Em Manaus, entre as décadas de 1940 e 1960, vivem os irmãos Omar e Yaqub e sua atribulada família de origem libanesa. A história é contada em primeira pessoa por um personagem que é apresentado apenas depois de alguns capítulos e que vem embutido com algumas intrigas e suspenses.
Zana e Halin, ambos de origem libanesa, se casam num clima de amor intenso e juvenil. Halin sempre fora apaixonado pela esposa, e a última coisa que queria era filhos; Zana, por outro lado, alimentava o sonho de ter sua própria família. Halin, para agradar a esposa, acaba cedendo e o casal tem três filhos: os gêmeos Omar e Yaqub, e a caçula, Rânia. Na casa ainda vive a ama Domingas, de origem indígena.
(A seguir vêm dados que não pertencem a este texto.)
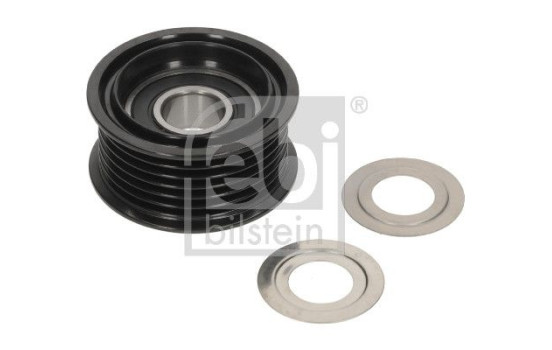 Guide roller/deflection roller, Poly V-belt 195021 FEBI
A história versa sobre a convivência entre as pessoas deste núcleo familiar e os que os cercam, episódios de suas vidas que influenciam o fluxo da própria família.
Milton Hatoum, escritor manauara, tradutor e colunista do jornal O Estado de S. Paulo, é um artista inovador, que traz ao leitor um cenário de uma Manaus diferente das tribos indígenas e macacos mascotes que a maioria dos artistas apresenta. A cidade é civilizada, tem tecnologia e modernidades da época chegando, e cresce como qualquer outra grande cidade. Há uma grande quantidade de imigrantes vivendo em Manaus, muitos a procura de refúgio, muitos a procura de vida nova.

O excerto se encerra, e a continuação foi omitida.